🌟🌟🌟🌟
Que la vida social es una farsa ya lo sabían los antiguos griegos, y supongo que los antiguos sumerios también, como añadiría Javier Cansado. Desde que me levanto por la mañana hasta que llega la hora de la película, no dejo de interpretar este papel de cuarentón abrumado por la vida. Tengo, además, para mayor disimulo, unas sienes plateadas que los dioses me regalaron por un cumpleaños, y unas gafas de pasta que me hacen parecer más inteligente de lo que soy. Y este gesto adusto que algunos confunden con la profundidad de pensamiento, y que sólo es bostezo y ganas de salir pitando de la escena. Mis poses no provienen de la maldad del narcisista, ni del cálculo del tramposo, sino del humilde anhelo de quien desea sobrevivir sin problemas, y que lo le dejen en paz el mayor tiempo posible.
Nunca salgo de casa sin llevar un juego completo de máscaras, porque cada contexto requiere de una farsa, de un papel concreto con unas líneas de guion determinadas. Las máscaras son un fastidio, y un esfuerzo, y no dejo de contar las horas que faltan para volver a guardarlas en el armario, junto a los calzoncillos y los calcetines. Sólo cuando llego al sofá nocturno puedo despojarme de ellas, y volver a ser el hombre de la expresión sincera y natural. En la soledad de la habitación nadie me observa ni me calcula. Sólo los dioses de Invernalia, a los que elevo de vez en cuando mis plegarias. A solas con mi película puedo volver a ser el imbécil genuino de toda la vida. El niño, el adolescente, el inmaduro, el mentecato. Me entrego a la función diaria con el alma limpia y el corazón en la mano, como se entregan las monjas a Jesucristo, o las chavalas al chico rubio del instituto. Mis reacciones ante lo que veo son las únicas sinceras de toda la jornada. Si alguien pudiera verme por el ojo de la cerradura, accedería de inmediato al sanctasanctórum de mis verdaderos pensamientos. Otros se muestran tal como son cuando follan, o cuando conducen, o cuando toman tres copas de más con los amigos. Yo sólo soy yo mismo con un mando a distancia en la mano, y unos auriculares bien calados en los orejones.
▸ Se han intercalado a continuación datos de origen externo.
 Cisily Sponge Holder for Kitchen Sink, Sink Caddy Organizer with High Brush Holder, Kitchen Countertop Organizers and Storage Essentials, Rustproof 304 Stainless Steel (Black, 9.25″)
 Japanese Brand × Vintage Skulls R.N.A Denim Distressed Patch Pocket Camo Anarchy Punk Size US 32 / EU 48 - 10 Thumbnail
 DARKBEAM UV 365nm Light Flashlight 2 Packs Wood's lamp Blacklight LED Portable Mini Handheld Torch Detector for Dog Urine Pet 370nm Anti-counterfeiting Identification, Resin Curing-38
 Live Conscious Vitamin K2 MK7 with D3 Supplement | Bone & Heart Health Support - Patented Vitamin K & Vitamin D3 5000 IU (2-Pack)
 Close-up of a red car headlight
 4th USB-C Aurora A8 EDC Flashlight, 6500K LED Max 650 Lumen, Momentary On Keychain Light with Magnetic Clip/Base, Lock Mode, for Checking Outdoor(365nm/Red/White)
Hoy, por ejemplo, si alguien hubiera escuchado mis carcajadas mientras veía Supersalidos, habría comprendido inmediatamente que el adulto de cuarenta y dos años vive fuera de la habitación, en el pasillo, o en la cocina, preparando la comida de mañana, holograma falsario de mi triste realidad, y que es el adolescente irreductible quien se lo está pasando bomba con los chistes de guarrerías y las caricaturas de los penes. Nada ha cambiado desde los tiempos de Porky's, de cuando iba con los amigos al videoclub para echar unas risas y ver alguna teta subrepticia. Supersalidos es un Porky's más trabajado, más ocurrente, pero en esencia sigue siendo el mismo humor simplón y deslenguado, colegial y cochinoso. Nadie cambia, nadie madura, nadie se mueve ni un centímetro de sus posiciones iniciales. Sólo aprendemos a fingir y a disimular, para que nadie se ría de nosotros. Eso también lo sabían los griegos, y los sumerios antes que ellos, apunta por aquí don Javier.